CVX vs fmincon for sum of exponentials


(Hugh) #1

I have a convex function that would be written in matlab as

f(x) = sum( a.*exp(b.*x) );

where a is a vector of non-negative reals, b is a vector of reals (more often than not negative), and x is a vector of reals. From the composition rules, this is convex, as it is the sum of positive scalars times convex functions.

I would like to minimize f subject to the constraint

c(x) - C <= 0

c(x) = c_0 * sum( exp( x) );

where c_0 and C are specified positive constants. My question is related to syntax, how can I write element wise multiplication like I have for f?

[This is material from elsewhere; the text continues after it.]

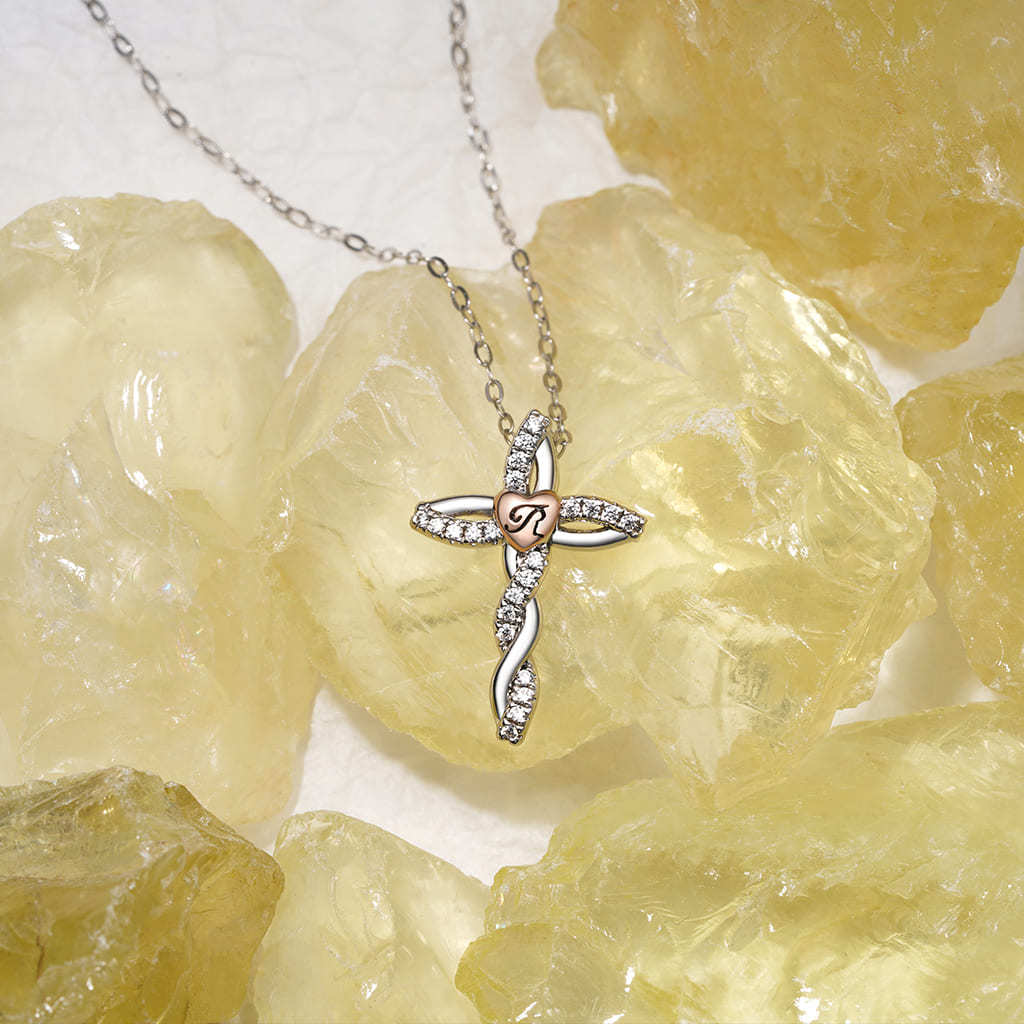 Retro Diamonds Cross Necklace image number 4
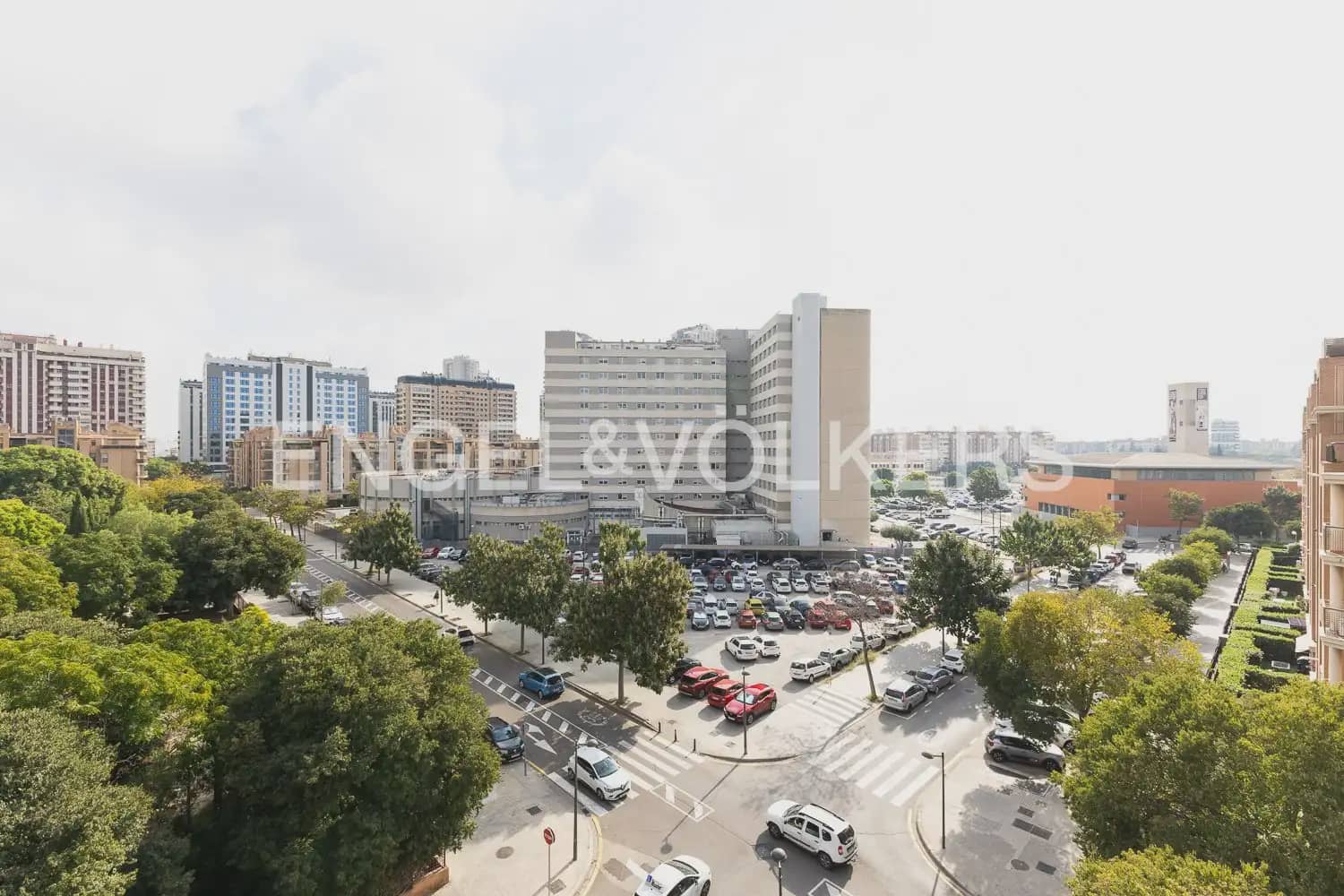 4 Zimmer Penthouse zu vermieten in Valencia Stadt mit Pool Garage - 3.500 € (Ref: 10163304)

I have been using fmincon for this, but would like to move away from requiring the optimization toolbox, both because I have convexity I should be able to exploit and because I want something open source.

I have a minimal working example, which shows fmincon beating CVX, and given the problem is convex, I don’t think this should be the case, thus I suspect I have gotten something wrong syntactically.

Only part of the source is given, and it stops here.